In a late November report that reviewed those expenditures, the Inspector General's office expressed concern that Science's seven field offices still don't have strict enough security configurations on their information systems. Science is expected to follow federal guidelines designed by the National Institute of Standards and Technology (NIST). The NIST guidelines affect passwords, encryption settings and login controls.

Several of Science's sites, including Oak Ridge, have developed security configurations outside of NIST standards.

"Participation in the program is made to help minimize intrusion risks," said Hass. "This is a federal requirement and we're bound to it for compliance with the standards."

In a written response to the IG report, a spokesperson insisted Science was committed to cyber security and willing to implement the NIST standards "as appropriate."

Security Breaches at Nuclear Labs

Past DOE scandals point up the importance of computer security. In 2000, Wen Ho Lee, then a scientist at Los Alamos, pleaded guilty to a felony charge of improperly downloading restricted data from the laboratory's classified network. He transferred data about nuclear weapons design onto tapes.

Lee had been suspected of stealing nuclear secrets so he could pass them to China or some other country, but was exonerated and later won a settlement from the government and multiple media organizations.

In 2007, hackers attacked some of the DOE nuclear labs with email phishing attacks. The Lawrence Livermore lab thwarted the attacks, but the phishers may have succeeded in extracting personal information on lab visitors, including Social Security numbers, from Oak Ridge. Authorities told ABC News the attack seemed to have originated in China. In 2008, ABC News reported on unauthorized laptops being brought in and out of Oak Ridge.

In addition to cyber security issues, the IG's report expressed concern for Science's hardware acquisition policies. The report says Science has failed to consistently enforce IT hardware standards for desktops, laptops and related peripherals, leading to higher costs.

"The average price paid for a desktop computer ranged from $1628 to $2814 at the five laboratories reviewed, a price variance of 73 percent," said the report. The report also noted that "the price paid for computer monitors that were the same or similar to one another ranged from $256 to $1236."

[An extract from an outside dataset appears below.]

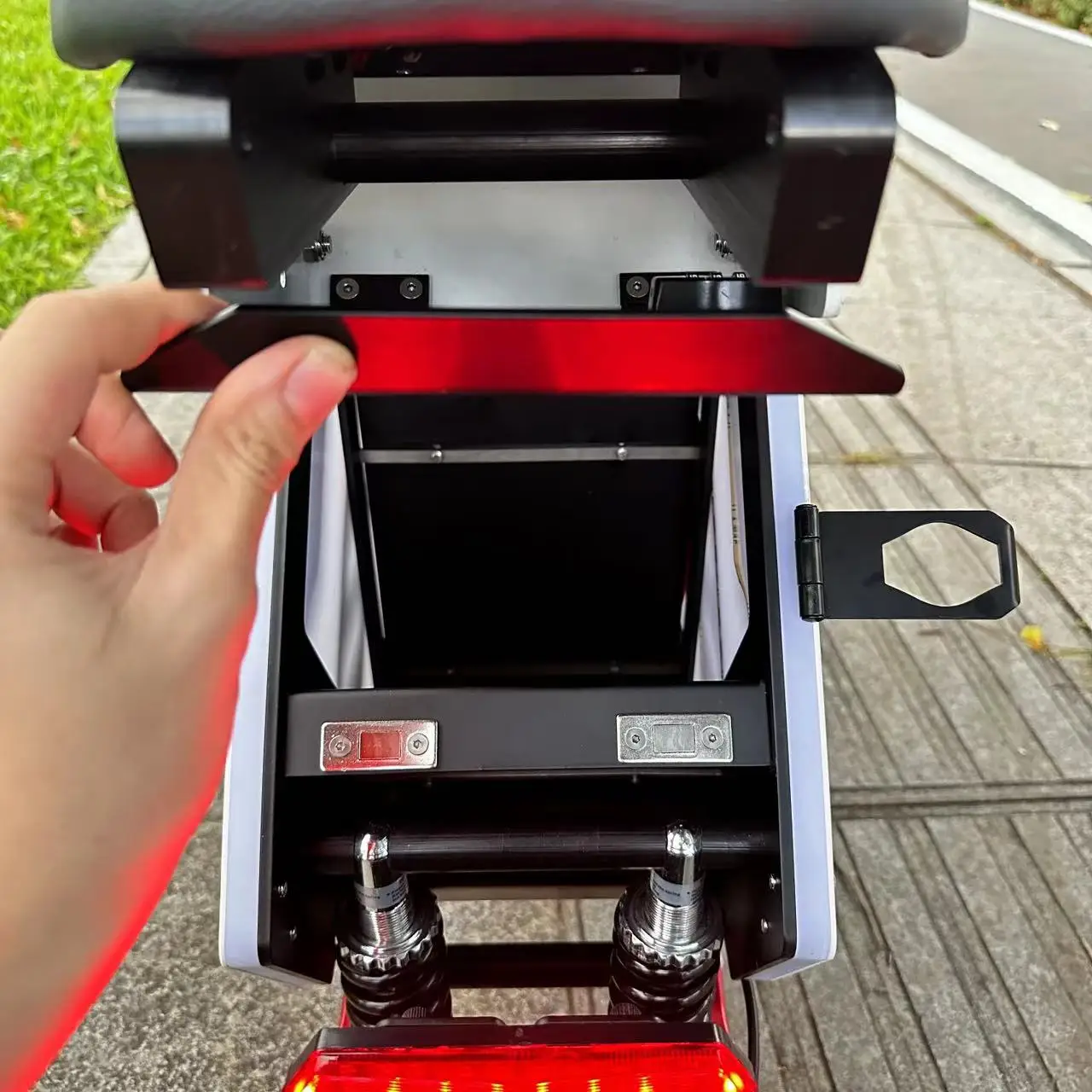 E Dual Motor Scooter Powerful 12000W Adult 72V 10000W 60V 7000W 52V 5000W 2 Seat 2023 Electric Mobile Scooters With Luggage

The IG's report indicates the bulk of the nearly $3.3 million in potential cost savings over three years could be achieved by reining in hardware acquisition costs.

In its response to the IG report, Science said it agrees with the recommendation to lower hardware acquisition costs and implement standards. However, Science officials said the IG's cost numbers do not offer an accurate portrayal. "[The report] does not provide analysis on the costs/benefits of the approach being used by each respective laboratory."

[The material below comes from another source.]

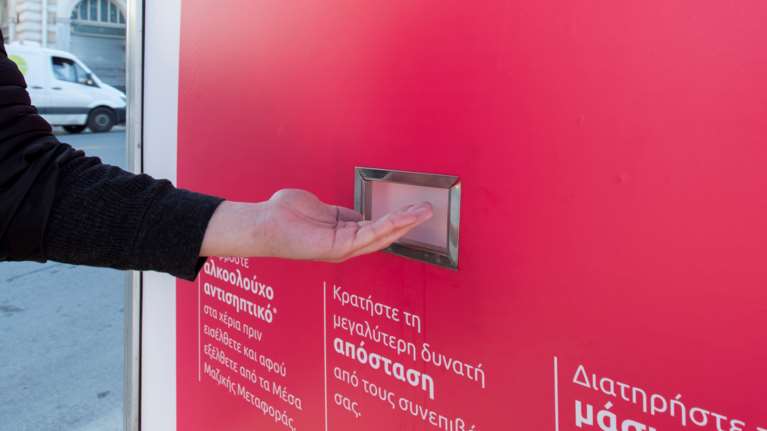 Κορονοϊός: Στάσεις λεωφορείων με αντισηπτικό υγρό - Σε ποια σημεία τοποθετούνται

The report also disagrees with Science's decision not to establish a common computer infrastructure for employees at three major facilities, its Washington headquarters, Oak Ridge, and the Argonne lab outside Chicago. The IT infrastructures at these sites are decentralized and independent of the Department of Energy Common Operating Environment.

According to the report, "Although Science had the opportunity to consolidate its Federal IT environment to leverage potential cost savings, each of the three locations utilized a different contractor to manage support service such as helpdesk support, operated different IT infrastructures, and purchased hardware and software from different groups."

Science's cyber technology problems are being blamed on the agency's lack of strong enforcement of policies, its refusal to adopt NIST guidelines, and its need for a more rigorous process to monitor costs.

While Science agreed with many of the IG's findings, its written response insisted that Science establishes and enforces IT standards that meet the needs of each field office.

In its letter to the IG, Science said it continues to evaluate the IT costs for support and hardware and that it plans to address several of the issues in the report. The agency has a year to chart its progress after which time it could be subject to another re-evaluation.